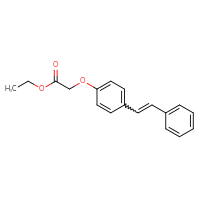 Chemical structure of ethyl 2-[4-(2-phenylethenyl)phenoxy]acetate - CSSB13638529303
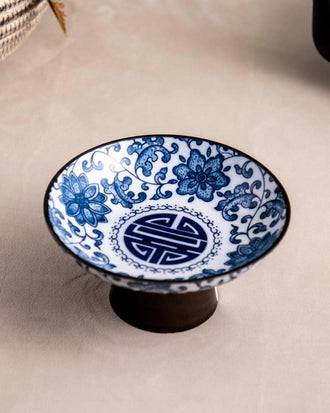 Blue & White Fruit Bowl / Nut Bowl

--

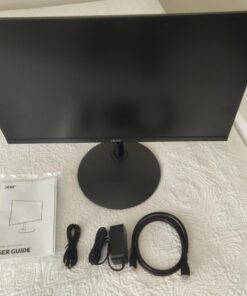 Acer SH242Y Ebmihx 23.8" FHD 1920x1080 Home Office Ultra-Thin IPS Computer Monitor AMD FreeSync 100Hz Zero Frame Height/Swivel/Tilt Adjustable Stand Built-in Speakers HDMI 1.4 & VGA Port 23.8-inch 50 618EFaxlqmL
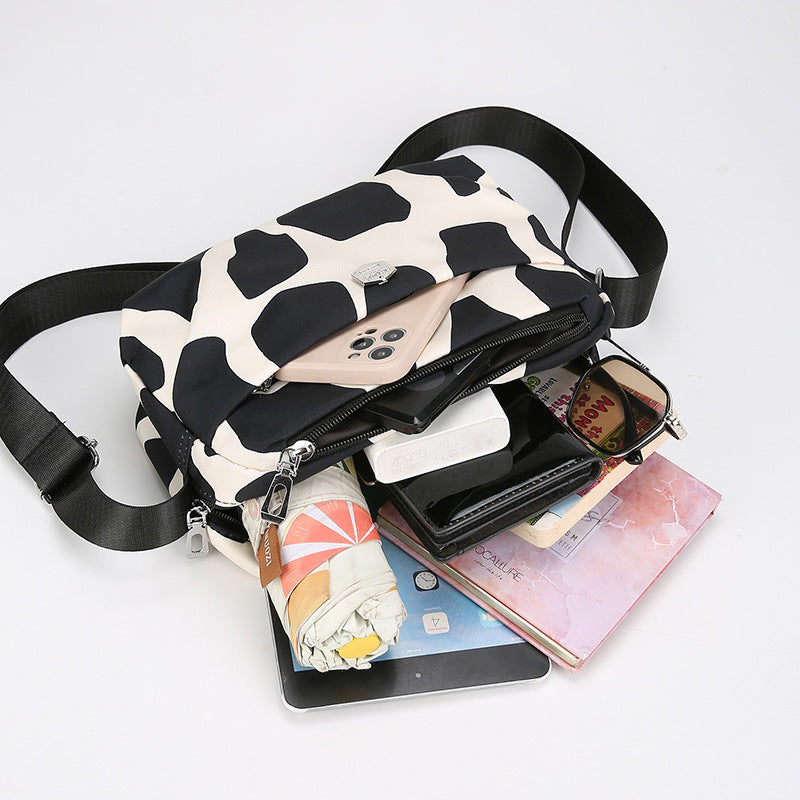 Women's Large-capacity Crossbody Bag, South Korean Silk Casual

**Required action**: In the data above, find the line with "Chemical structure of" and the line with "Blue & White Fruit Bowl / Nut Bowl". Please copy exactly those two lines and every line between them, but not the pictures.

**Written reply**:
 Chemical structure of ethyl 2-[4-(2-phenylethenyl)phenoxy]acetate - CSSB13638529303
 Blue & White Fruit Bowl / Nut Bowl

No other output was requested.